Spark Time Series Utility Package

These details have not been verified by PyPI

Project links

Homepage

License
- Other/Proprietary License
Operating System
- OS Independent
Programming Language
- Python :: 3

Project description

tempo - Time Series Utilities for Data Teams Using Databricks

Project Description

The purpose of this project is to make time series manipulation with Spark simpler. Operations covered under this package include AS OF joins, rolling statistics with user-specified window lengths, featurization of time series using lagged values, and Delta Lake optimization on time and partition fields.

Using the Project

Python - pip install in Databricks notebooks using:

%pip install dbl-tempo

Install locally using:

pip install dbl-tempo

Starting Point: TSDF object, a wrapper over a Spark data frame

The entry point into all features for time series analysis in tempo is a TSDF object which wraps the Spark data frame. At a high level, a TSDF contains a data frame which contains many smaller time series, one per partition key. In order to create a TSDF object, a distinguished timestamp column much be provided in order for sorting purposes for public methods. Optionally, a sequence number and partition columns can be provided as the assumptive columns on which to create new features from. Below are the public methods available for TSDF transformation and enrichment.

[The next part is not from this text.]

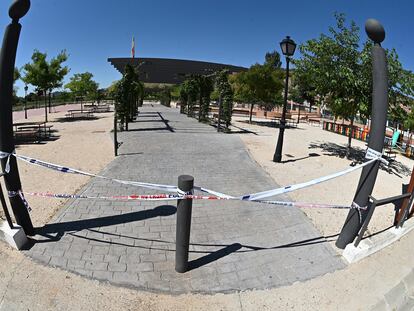 Vista de un parque clausurado por el Ayuntamiento en la localidad madrileña de Tiemes.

Sample Reference Architecture for Capital Markets

Quickstart - Python

Data source is UCI public accelerometer data available at this URL https://archive.ics.uci.edu/ml/datasets/Heterogeneity+Activity+Recognition

0. Read in Data and display it

from pyspark.sql.functions import * 

phone_accel_df = spark.read.format("csv").option("header", "true").load("dbfs:/home/tempo/Phones_accelerometer").withColumn("event_ts", (col("Arrival_Time").cast("double")/1000).cast("timestamp")).withColumn("x", col("x").cast("double")).withColumn("y", col("y").cast("double")).withColumn("z", col("z").cast("double")).withColumn("event_ts_dbl", col("event_ts").cast("double"))

from tempo import * 

phone_accel_tsdf = TSDF(phone_accel_df, ts_col="event_ts", partition_cols = ["User"])

display(phone_accel_tsdf)

1. Resample and Visualize

Sample usage:

Possible values for frequency include patterns such as 1 minute, 4 hours, 2 days or simply sec, min, day. For the accepted functions to aggregate data, options are 'floor', 'ceil', 'min', 'max', 'mean'. Custom functions will be available in a future release.

Note: You can upsample any missing values by using an option in the resample interface (fill = True)

# ts_col = timestamp column on which to sort fact and source table
# partition_cols - columns to use for partitioning the TSDF into more granular time series for windowing and sorting

resampled_sdf = phone_accel_tsdf.resample(freq='min', func='floor')
resampled_pdf = resampled_sdf.df.filter(col('event_ts').cast("date") == "2015-02-23").toPandas()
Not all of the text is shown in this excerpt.